Here's an article I found from Melbourne Indymedia in Melbourne, Austrailia defending the DDT ban and even going so far to claim that DDT would have no effect on today's higher evolved species of bed bug. Here's an excerpt from the article:
"If you read the bed bug blogs you will find lots of angry villification of
Rachel Carson, who wrote the book 'Silent Spring', which then led to the banning
of DDT, for the theory is that because DDT was banned, now we have bed bugs, a
theory which makes no sense whatsoever since DDT was banned half a century ago,
and we are only experiencing a plague of bed bugs in the last couple of years.

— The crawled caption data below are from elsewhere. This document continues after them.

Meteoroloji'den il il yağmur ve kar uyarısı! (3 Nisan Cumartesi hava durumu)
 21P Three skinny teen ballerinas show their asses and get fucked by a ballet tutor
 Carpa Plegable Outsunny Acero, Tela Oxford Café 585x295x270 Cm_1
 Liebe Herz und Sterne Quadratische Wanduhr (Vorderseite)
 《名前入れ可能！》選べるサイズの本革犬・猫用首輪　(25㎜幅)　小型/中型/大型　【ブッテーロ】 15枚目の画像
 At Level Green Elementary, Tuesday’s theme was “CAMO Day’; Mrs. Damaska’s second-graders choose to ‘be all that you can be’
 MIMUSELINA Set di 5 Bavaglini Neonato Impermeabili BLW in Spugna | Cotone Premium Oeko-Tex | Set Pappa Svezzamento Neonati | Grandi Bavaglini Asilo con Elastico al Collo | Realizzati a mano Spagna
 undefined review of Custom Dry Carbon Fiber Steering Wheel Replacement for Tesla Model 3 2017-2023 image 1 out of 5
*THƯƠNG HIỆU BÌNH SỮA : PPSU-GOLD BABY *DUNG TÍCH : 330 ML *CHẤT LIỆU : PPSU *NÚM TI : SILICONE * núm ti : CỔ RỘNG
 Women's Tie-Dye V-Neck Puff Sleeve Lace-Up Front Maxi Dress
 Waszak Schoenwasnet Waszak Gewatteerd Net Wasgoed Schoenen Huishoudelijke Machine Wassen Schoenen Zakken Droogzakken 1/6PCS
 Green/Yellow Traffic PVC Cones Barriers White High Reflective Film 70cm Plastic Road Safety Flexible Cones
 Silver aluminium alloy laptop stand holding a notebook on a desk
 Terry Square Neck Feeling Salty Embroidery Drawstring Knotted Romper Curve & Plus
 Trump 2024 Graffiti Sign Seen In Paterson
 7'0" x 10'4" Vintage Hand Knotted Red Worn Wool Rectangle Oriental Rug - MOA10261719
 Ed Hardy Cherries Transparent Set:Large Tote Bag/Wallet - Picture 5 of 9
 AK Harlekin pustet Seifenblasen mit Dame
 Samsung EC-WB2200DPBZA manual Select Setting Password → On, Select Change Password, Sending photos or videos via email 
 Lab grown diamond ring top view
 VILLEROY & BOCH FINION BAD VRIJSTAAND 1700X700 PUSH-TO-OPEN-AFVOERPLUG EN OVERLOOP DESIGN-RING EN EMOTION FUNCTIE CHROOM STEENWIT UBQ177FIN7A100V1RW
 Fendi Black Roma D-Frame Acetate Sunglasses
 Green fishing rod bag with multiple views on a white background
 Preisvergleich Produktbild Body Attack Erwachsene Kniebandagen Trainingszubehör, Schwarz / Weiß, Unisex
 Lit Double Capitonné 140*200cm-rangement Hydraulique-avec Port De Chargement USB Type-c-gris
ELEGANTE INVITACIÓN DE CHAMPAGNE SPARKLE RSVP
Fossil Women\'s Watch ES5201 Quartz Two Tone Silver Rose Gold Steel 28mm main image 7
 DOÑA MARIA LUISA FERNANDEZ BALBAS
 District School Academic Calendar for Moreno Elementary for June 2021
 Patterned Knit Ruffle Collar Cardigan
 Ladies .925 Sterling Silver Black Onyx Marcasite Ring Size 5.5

People are also unaware that bed bugs became resistant to DDT back in the 1940s,
which is one of the reasons why the pest control industry turned away from DDT
and began using alternative chemicals in the last part of the century. DDT is
constantly being promoted as the bed bug panacea, but the truth of the matter is
that bed bugs are amazing creatures showing an ability to adapt to any form of
pesticide, and that includes DDT, which bed bugs long ago defeated in the 1940s,
and which they will defeat again should DDT be brought back onto the market
because now we have bed bugs."
I couldn't help but notice that there is no scientific research to back up the author's claims in this article, which is why DDT should be legalized, if for nothing else, than to conduct legitimate, LEGAL research as to how dangerous DDT could be to humans, animals and plantlife and how effective it would actually be in eradicating bed bugs.